DATASET EXTRACT:
==*==

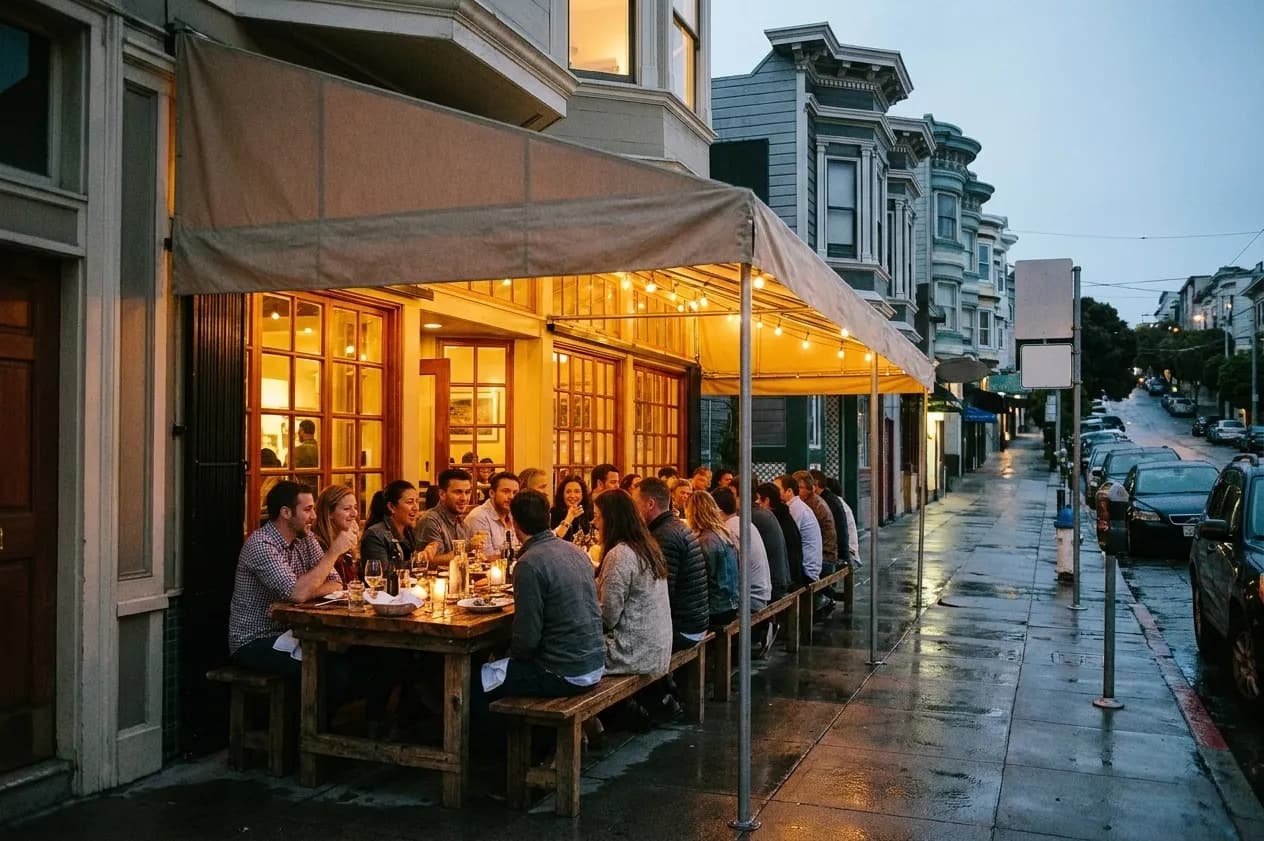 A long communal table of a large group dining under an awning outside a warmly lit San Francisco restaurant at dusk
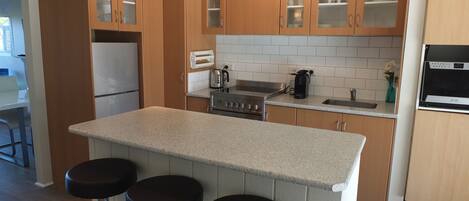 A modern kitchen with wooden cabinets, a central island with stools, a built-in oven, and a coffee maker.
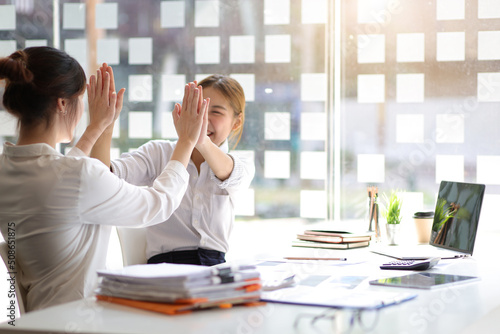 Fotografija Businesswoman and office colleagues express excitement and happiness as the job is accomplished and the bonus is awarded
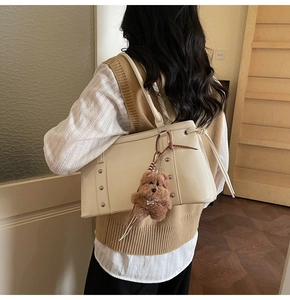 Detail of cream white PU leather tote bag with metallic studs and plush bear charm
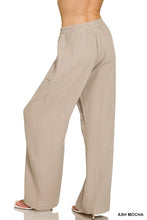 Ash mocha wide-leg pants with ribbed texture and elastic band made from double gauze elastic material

==*==

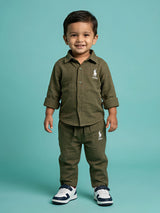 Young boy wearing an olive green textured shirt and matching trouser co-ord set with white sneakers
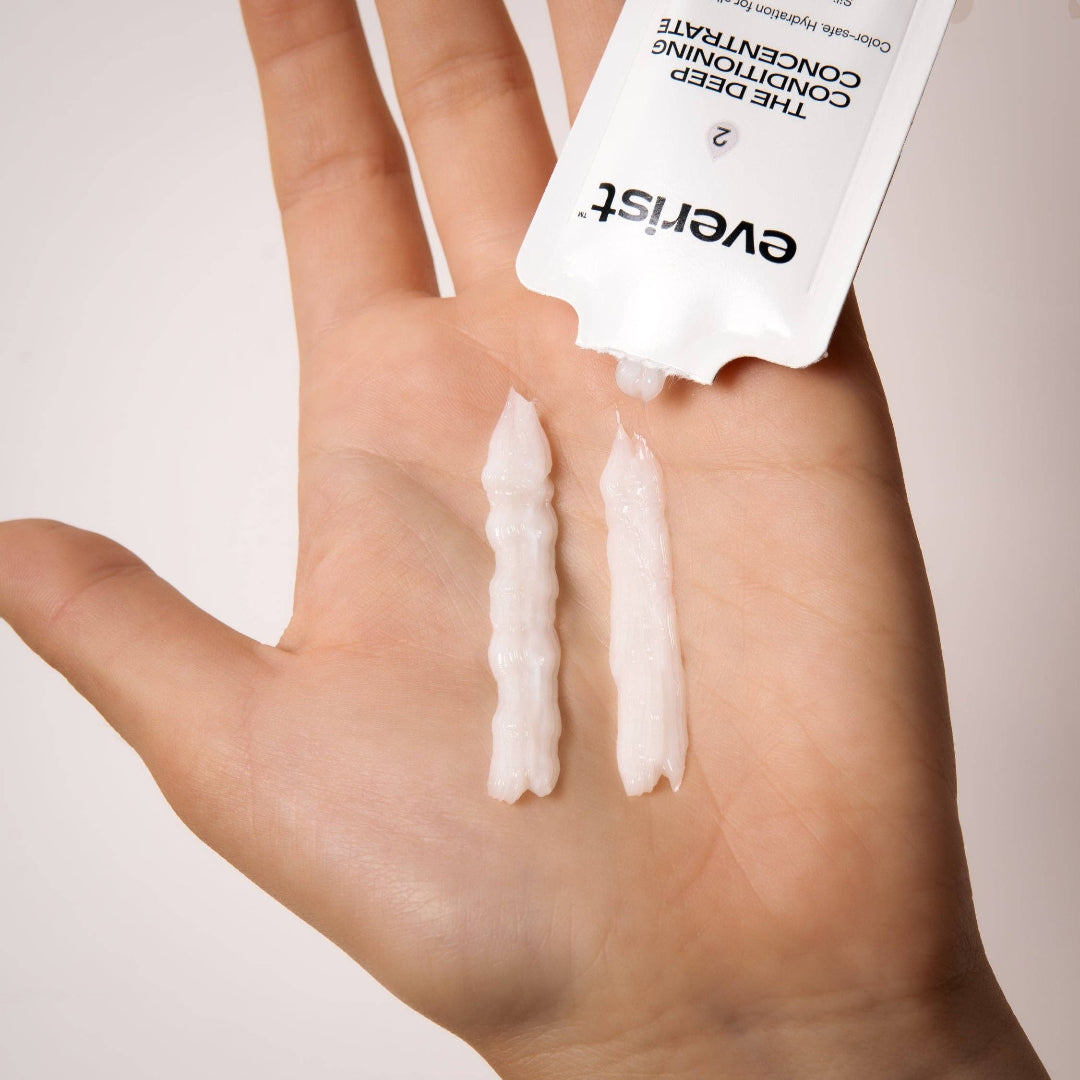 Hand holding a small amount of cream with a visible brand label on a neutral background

==*==

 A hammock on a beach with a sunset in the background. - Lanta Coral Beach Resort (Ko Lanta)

==*==

BRIEF: Return exactly the stretch above whose first line contains "Young boy wearing" and whose last line contains "Hand holding a", and nothing outside it. The pictures should not appear.

EXERCISE ANSWER:
 Young boy wearing an olive green textured shirt and matching trouser co-ord set with white sneakers
 Hand holding a small amount of cream with a visible brand label on a neutral background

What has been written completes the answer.